Breadth-first search (BFS) is an algorithm for traversing or searching tree or graph data structures. It starts at the tree root (or some arbitrary node of a graph, sometimes referred to as a 'search key'), and explores all of the neighbor nodes at the present depth prior to moving on to the nodes at the next depth level.

![Animated_BFS.gif](attachment:Animated_BFS.gif)

In the specific case our algorithm is slightly modified (To better fit our need to have the nodes outside the starting category and as values the shortest path list from all the starting category nodes that can reach the key node considered) and this is the pseudocode:

- Let's first consider the parent node and set the current distance equal to 0, I initialize queue as the set of the children of the parent node, and visited as the set of the visited nodes.

Until queue has at least one element, that's what we do:

- We increase current distance.

- For each child we append the node with the current distance as value, I find the children of v and I save them in a list and finally I add the node v to the set of visited nodes.

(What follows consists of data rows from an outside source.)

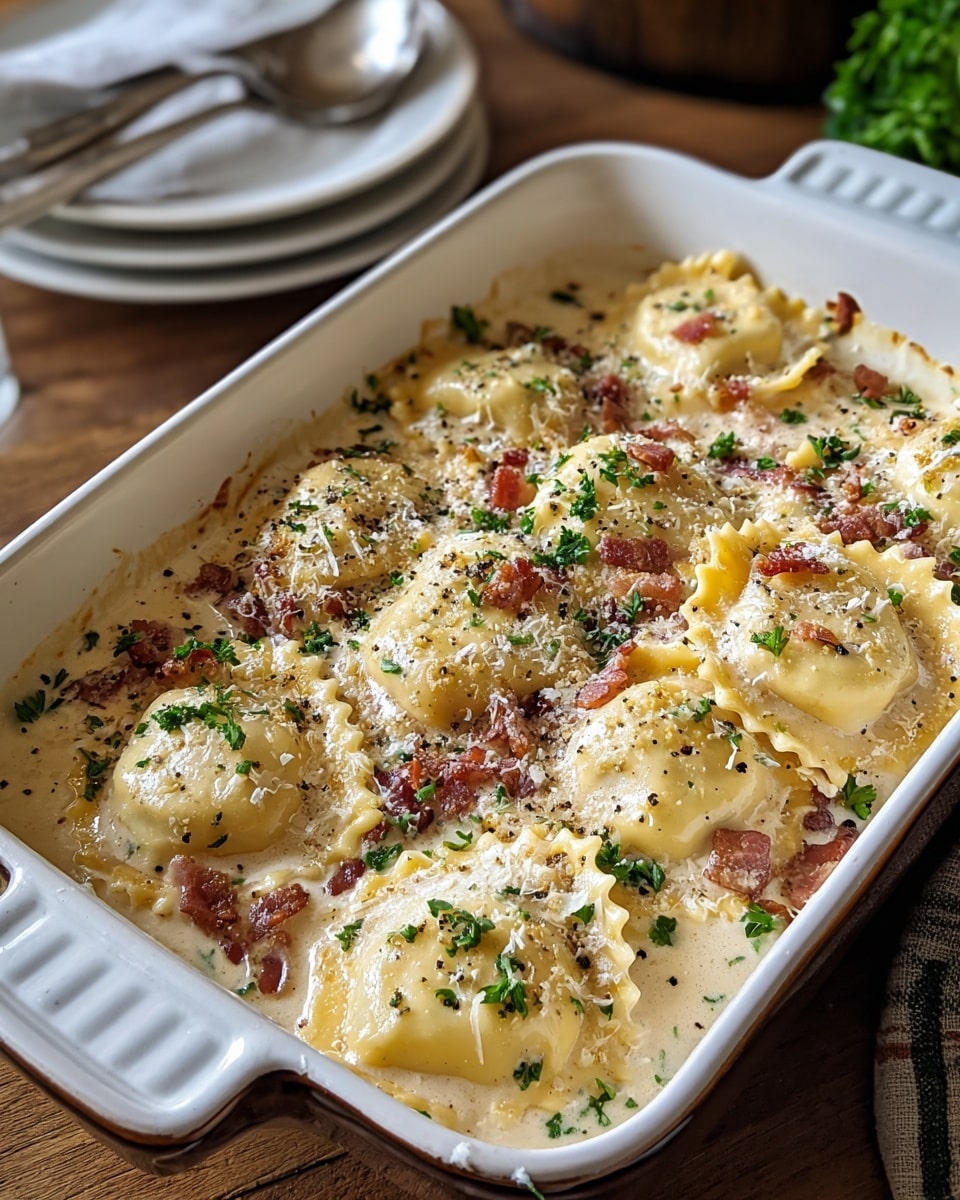 A white rectangular baking dish filled with two layers of baked ravioli in a creamy white sauce. The bottom layer is covered with the sauce mixed with small bits of browned bacon, and the top layer has round ravioli with edges that are crimped and slightly golden. The ravioli are sprinkled with grated white cheese, black pepper, and small green parsley pieces. The dish is placed on a wooden surface next to a stack of white plates with a white napkin and a spoon set. The background has a blurred wooden and green element. Photo taken with an iphone --ar 4:5 --v 7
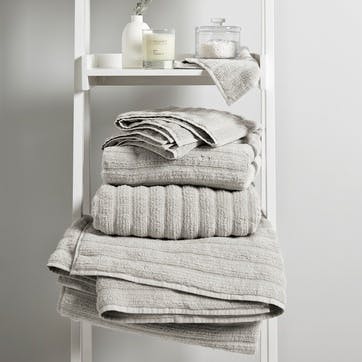 Hydrocotton Ribbed Towel, Super Jumbo, Pearl Grey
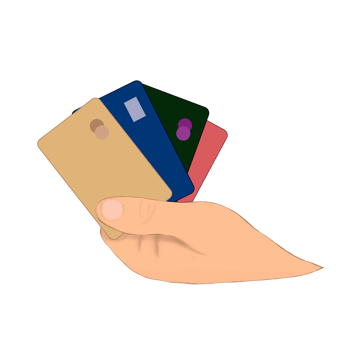 Hand holding credit cards png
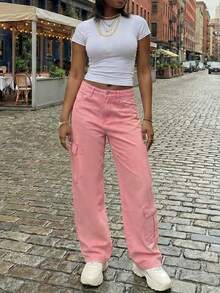 SHEIN ICON Quần jeans nữ màu trơn đơn giản, phong cách thường ngày - Hồng - Xem 4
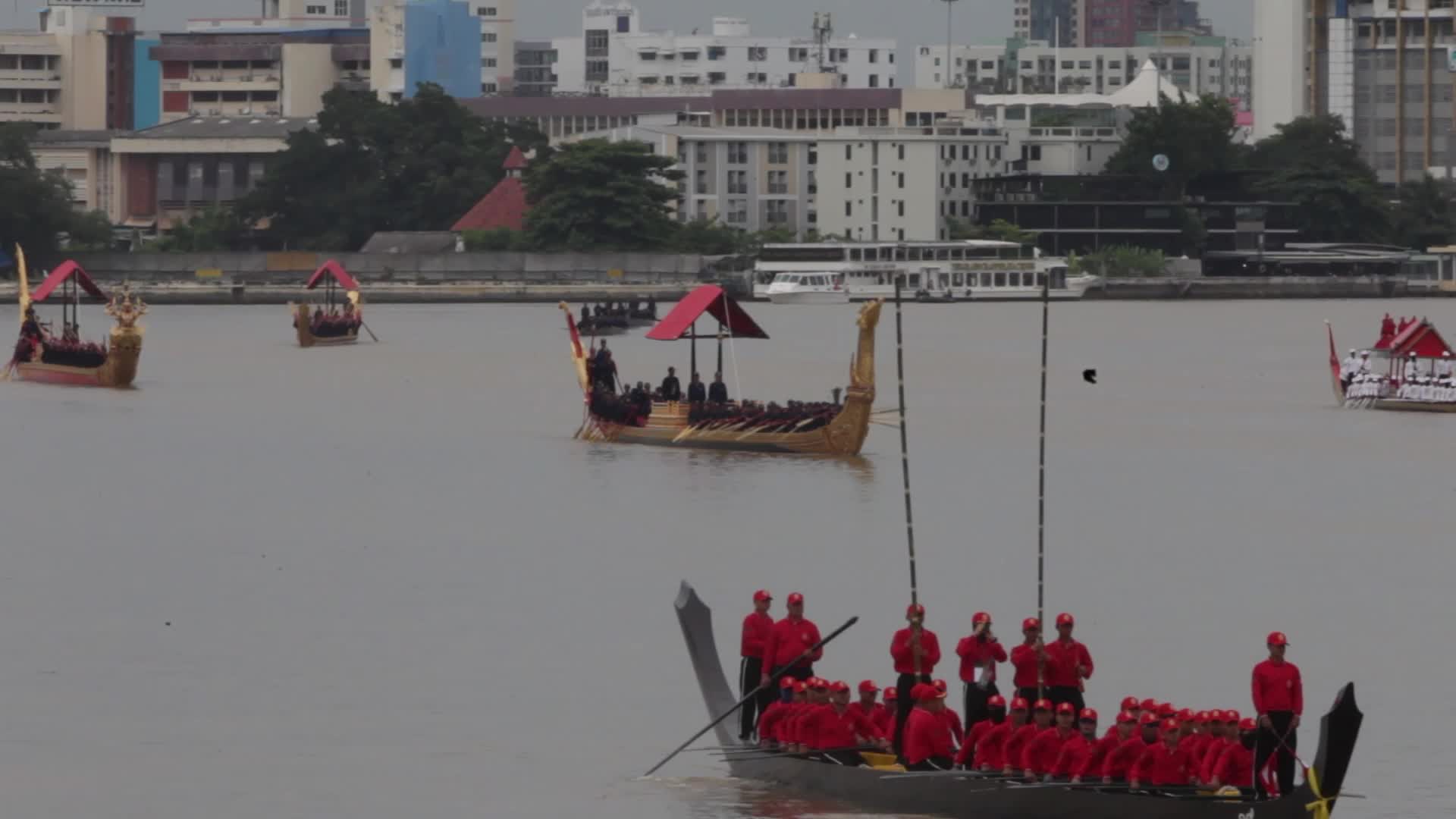 Thai Oarsmen Row Royal Barges During Practice Procession on Chao Phraya River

Then we update our queue as the difference between the set of children of v and the set of visited (because It's useless revisit the same node).


In [27]:
def Bfs(g, s, len_path):
    curr_dist = 0 # current distance
    len_path[s].append(curr_dist) # the first element is s himself, so I put a 0 distance.
    queue = set(graph[s]) # the set of the children of s
    visited = set([s]) # the set of the visited items, at the beginning is only s.
    
    while queue:
        
        curr_dist += 1 # update the current distance
        temp = []
        for v in queue: # for each child of s
            len_path[v].append(curr_dist) # append the node with distance equal to curr_dist
            temp += graph[v] # this is the list of the children of v (child of s)
            visited.add(v) # I add in visited the node v
            
        queue = set(temp).difference(visited) # now queue become the difference between set and visited.
        
    return len_path

In [28]:
# for each node in the choosen category, I do Bfs
for node in category_dict[category]:
    len_path = Bfs(graph, node, len_path)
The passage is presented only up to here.